Fight In The Skies, also known as Dawn Patrol, is a board wargame first self-published by creator Mike Carr in 1966, then published by Guidon Games in 1972 and TSR in 1975. The game simulates World War I style air combat, and is the only game to appear on the event schedule of every Gen Con convention since Gen Con I.

==Description==
Fight in the Skies is a game for 2–12 players in which each player controls a World War I aircraft. Players use a grid and cardboard counters to represent the locations of their planes. Since air combat is three dimensional, each player uses a log to keep track of the altitude of their plane. At the end of each turn, a player may fire on any enemy planes within their sights. A six-sided die is rolled to determine if a hit is made, and if necessary a second die is rolled to determine the amount of damage.

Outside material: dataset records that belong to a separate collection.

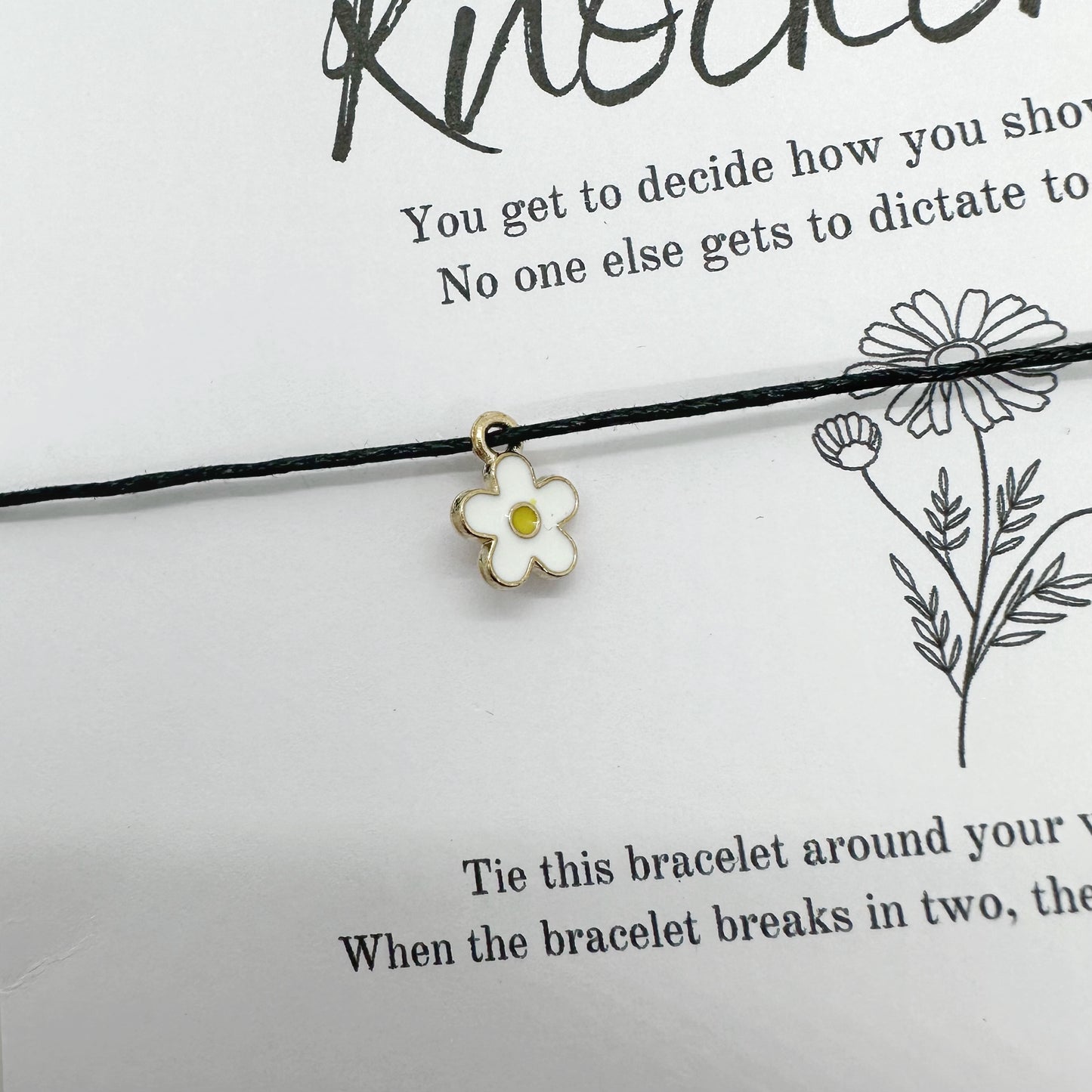 Things We Never Got Over Wish Bracelet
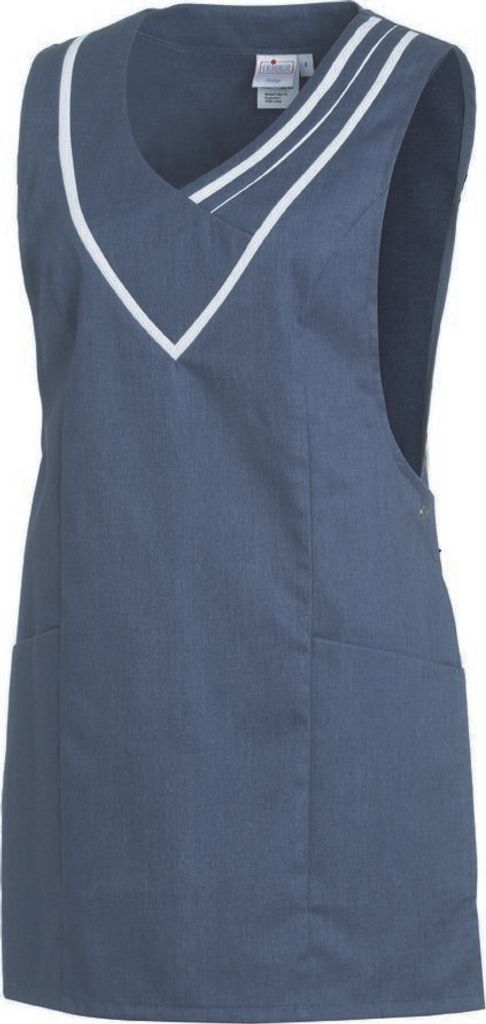 Leiber Überwurfschürze Farbe denimblue/weiß Größe III, 08/2682/3101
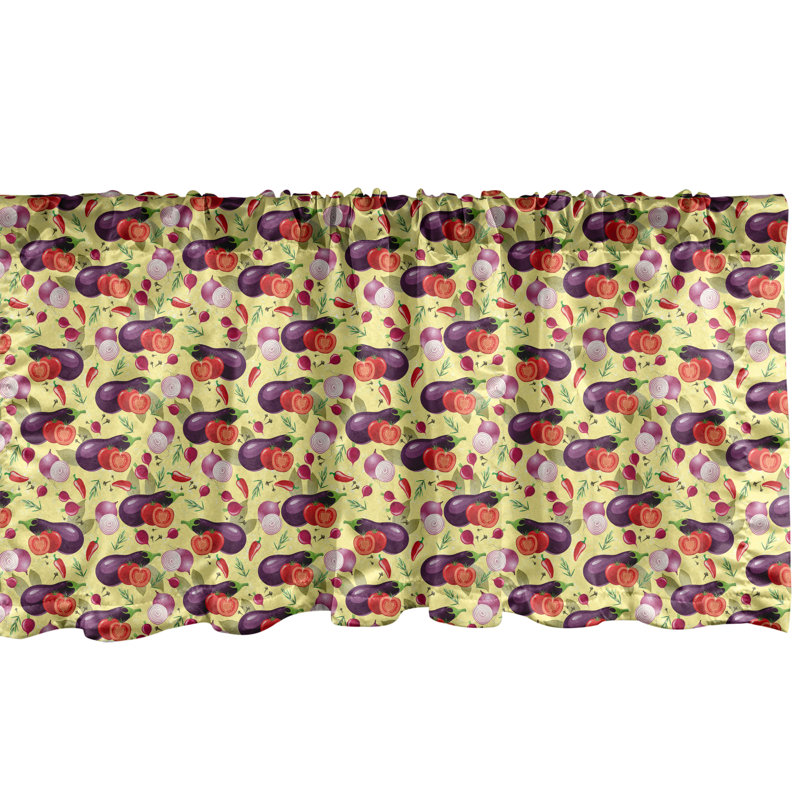 Ensemble de 2 cantonnières Ambesonne Mandala 51623, L 54 po x L 12 po
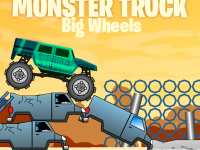 Гонки на грузовике-монстре: прыгать через преграды, чтобы собирать монеты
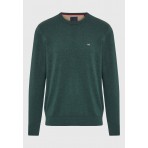 Funky Buddha Ανδρικό Πλεκτό Με Λαιμόκοψη (FBM012-001-09-PINE-GREEN-MEL)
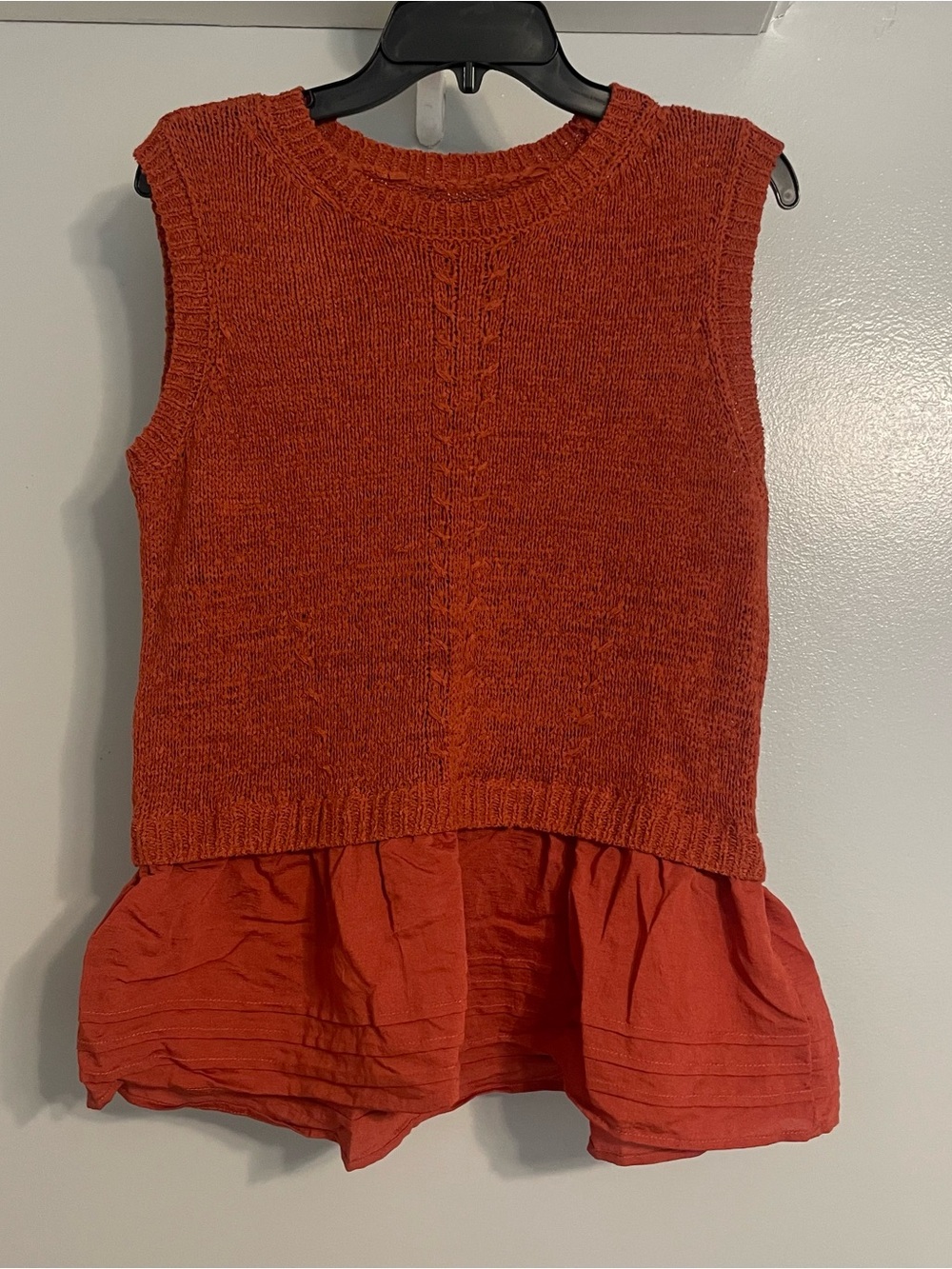 Simply Vera Vera Wang Sleeveless Peplum Sweater Top Medium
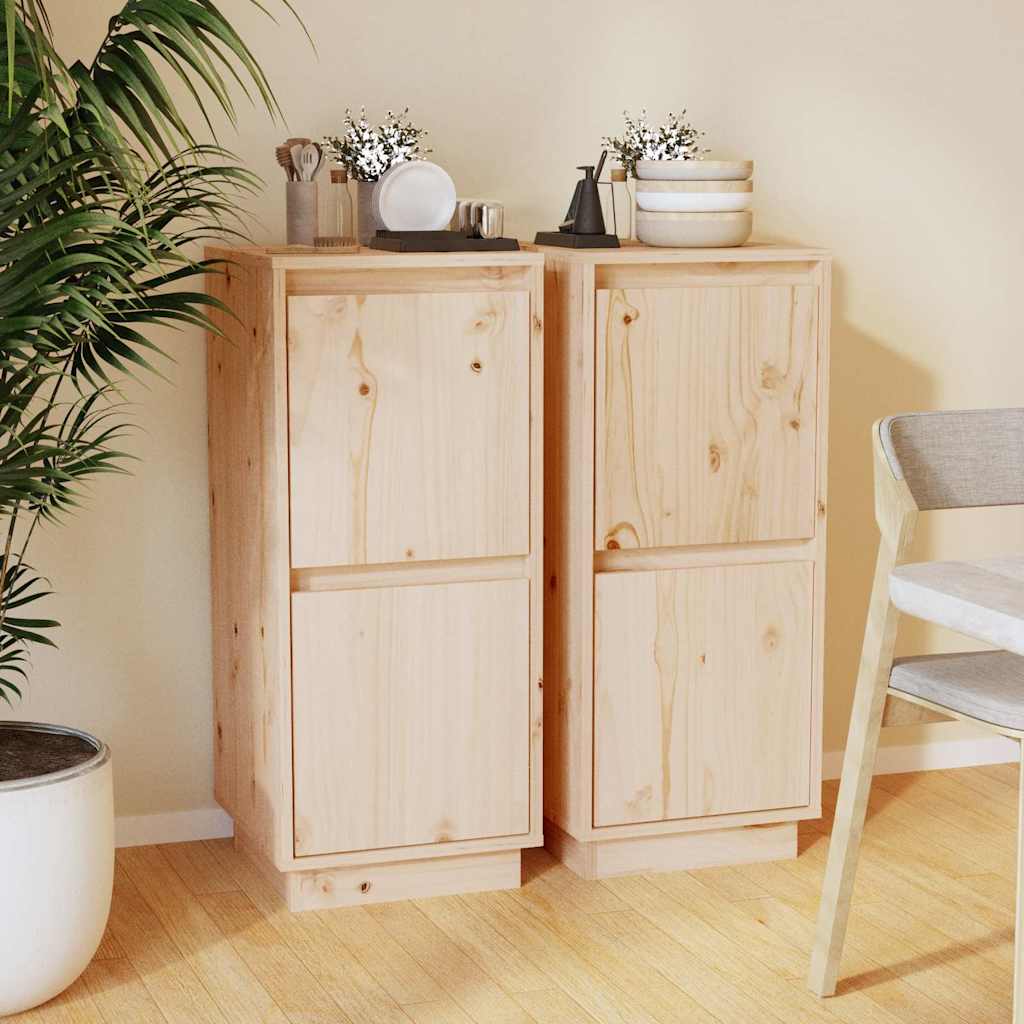Sideboards 31,5x34x75 cm Solid Wood Pine Brown 2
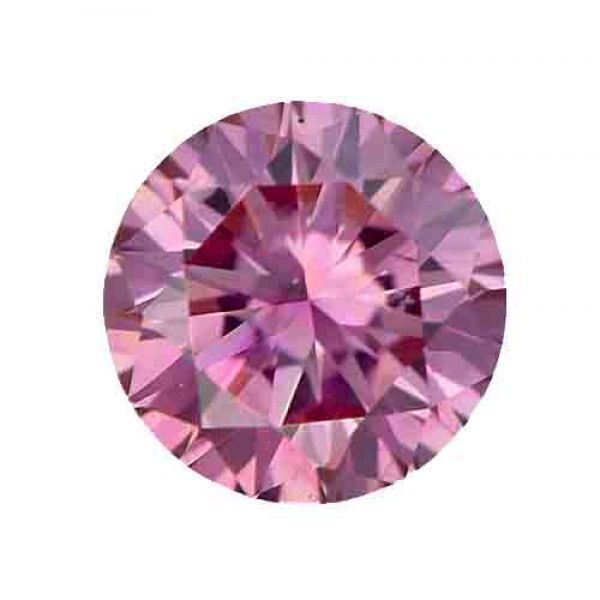 Cubic zirconia (cz) diamond round 2.75 mm pink color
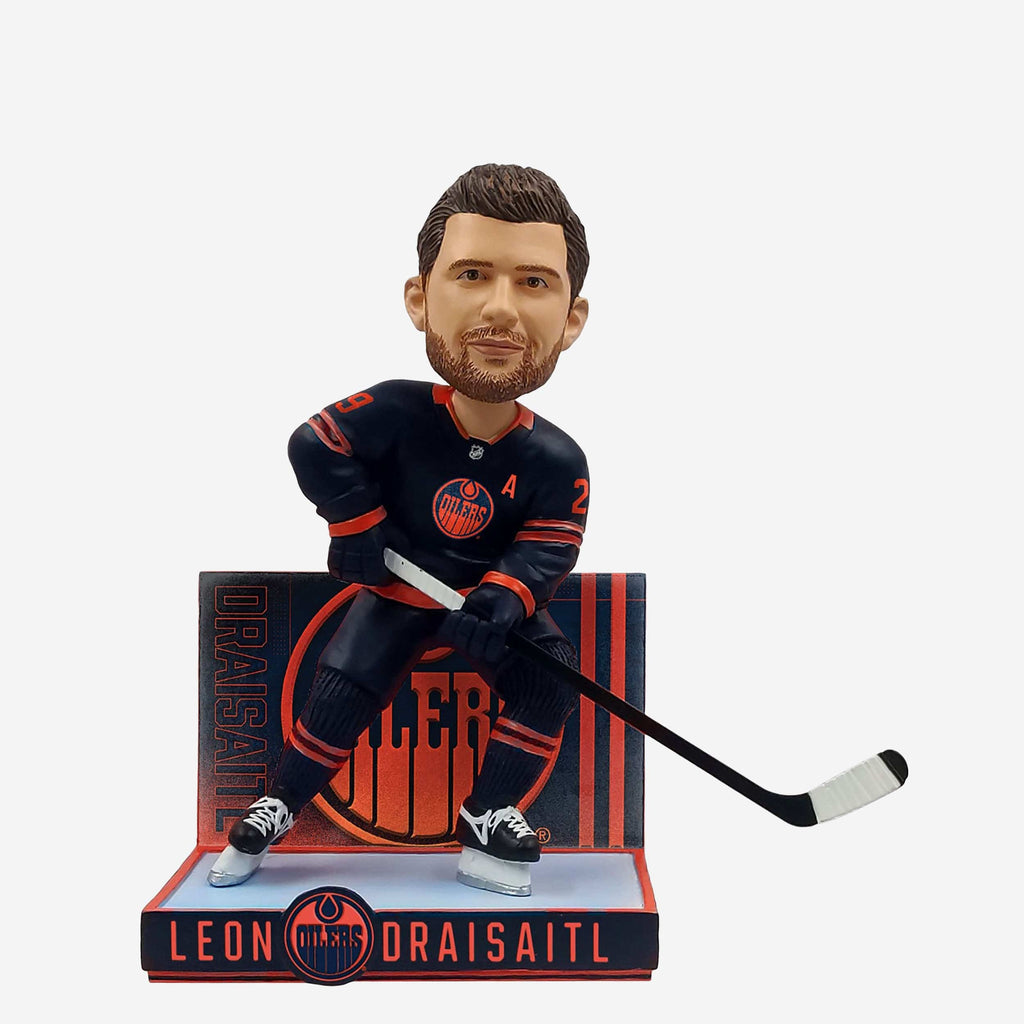 Leon Draisaitl Edmonton Oilers Alternate Jersey Bobblehead FOCO - FOCO.com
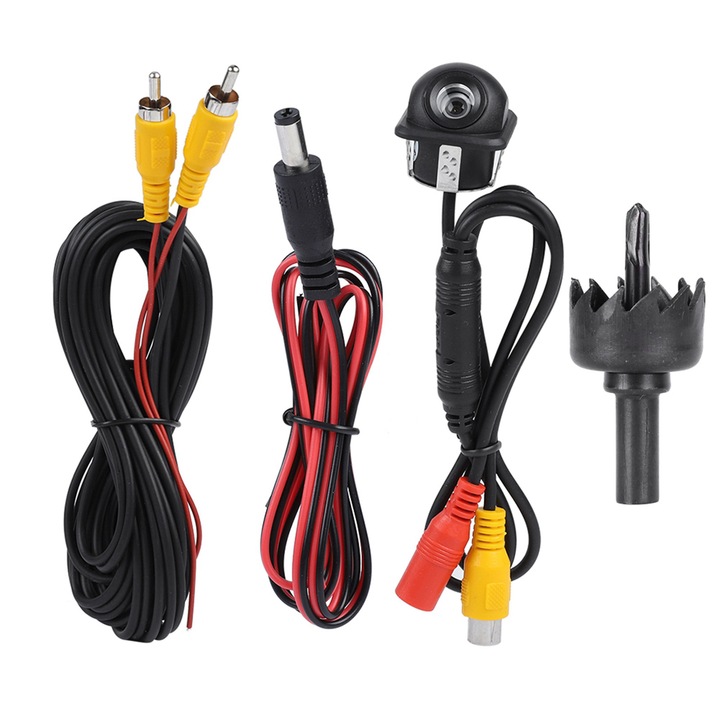 Камера за автомобилно наблюдение 12V 90 HD, водоустойчива, широк ъгъл на виждане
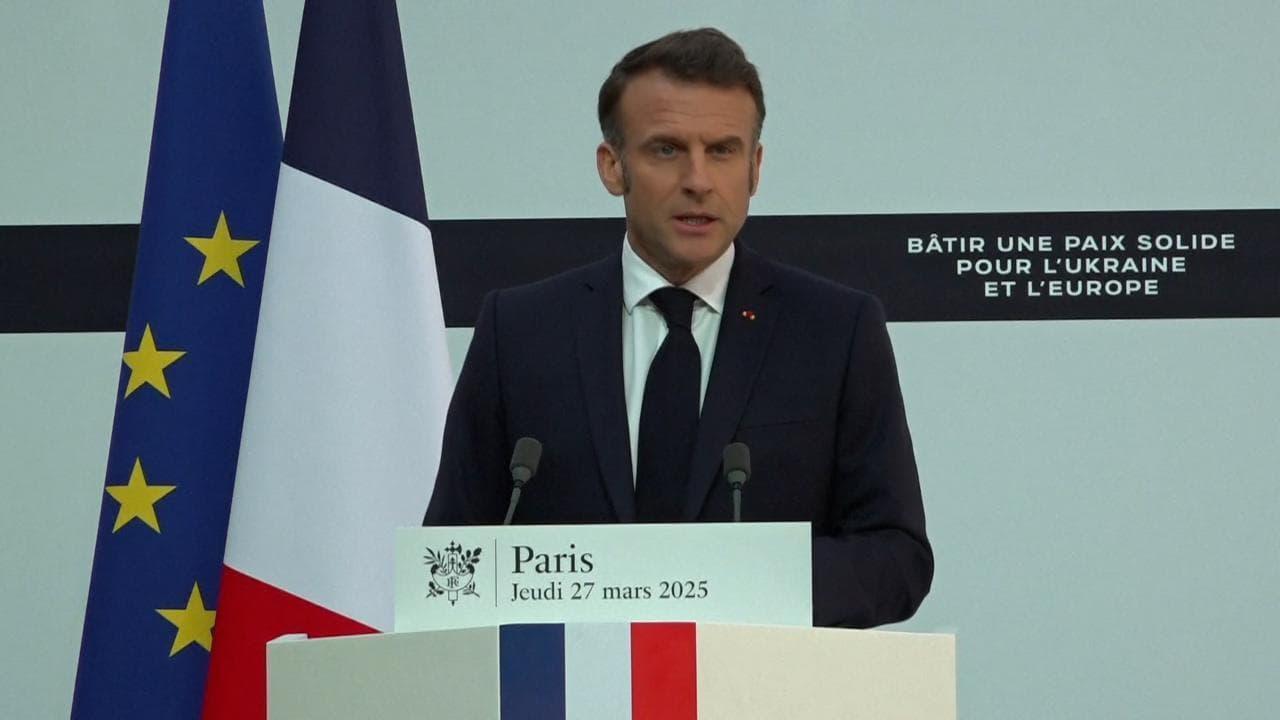 Ucraina, Macron: "Il nostro obiettivo è vincere la pace"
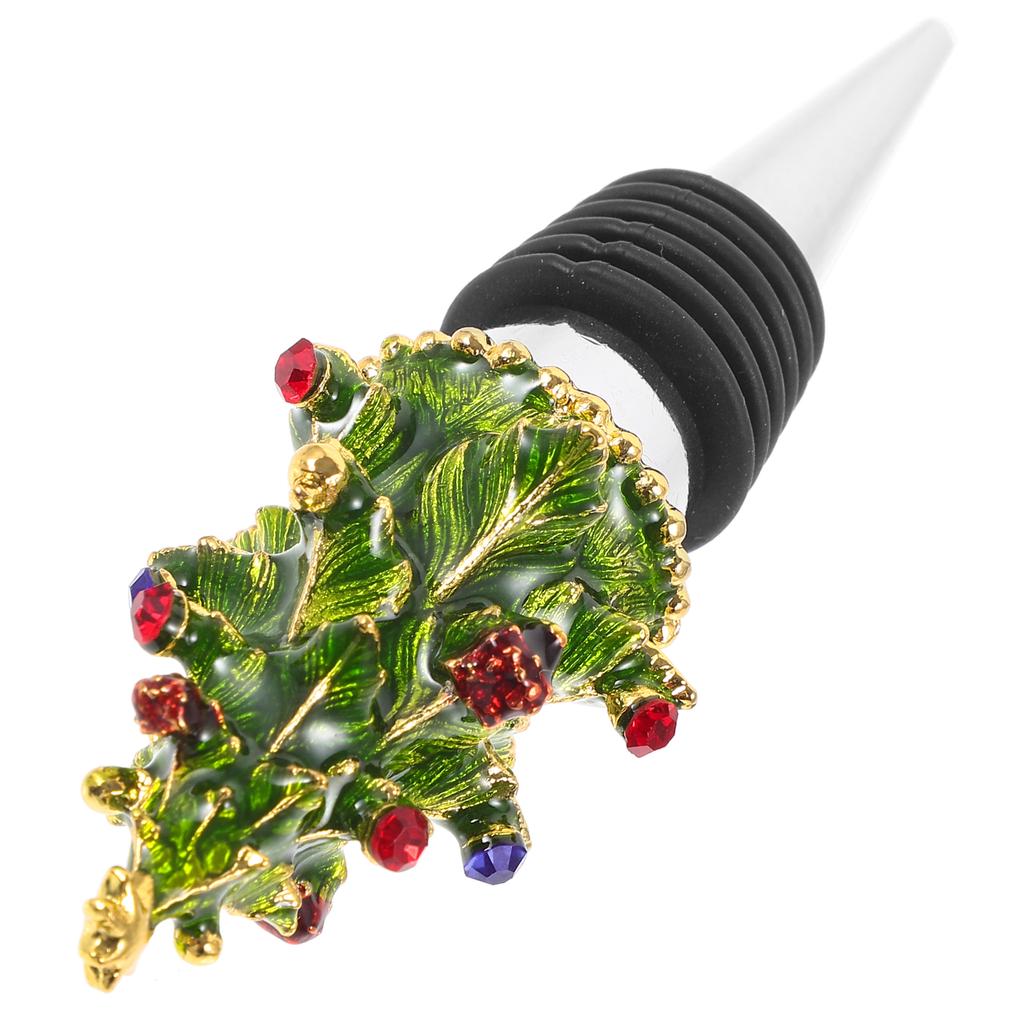 Enamel Christmas Series Bottle Stoppers Festival Plug Tool Bulk Decorative Holiday Zinc Alloy Father Glasses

If a player comes up behind an enemy plane, they may elect to tail the enemy. The tailed player tries to break the pursuit: each turn they secretly select one of 16 possible maneuvers. They may for example climb, dive, turn, bank, loop, stall, barrel roll, go into a tail spin, or perform a falling leaf. The tailing player, meanwhile, is allowed to select some of the possible maneuvers for themself, the exact number depending upon their distance from the enemy. The tailed player then performs their maneuver, and if the tailing player has the maneuver in their selected list, they can duplicate the maneuver and stay on the enemy's tail.

In addition to detailed combat mechanics, performance statistics for the 28 Allied and 30 German/Austrian aircraft in use during 1917 and 1918 are provided. The game includes historical notes and an extensive bibliography.

==Publication history==
Mike Carr began designing Fight in the Skies after watching the movie The Blue Max. Carr self-published the game in 1966, distributing copies among fellow members of the International Federation of Wargamers. It was the first tactical air combat game, and the first air combat game to deal with World War I.The game was played at the first Gen Con game convention in Lake Geneva in 1968, and continued to be played at Gen Con in following years. Carr also self-published a second and third edition.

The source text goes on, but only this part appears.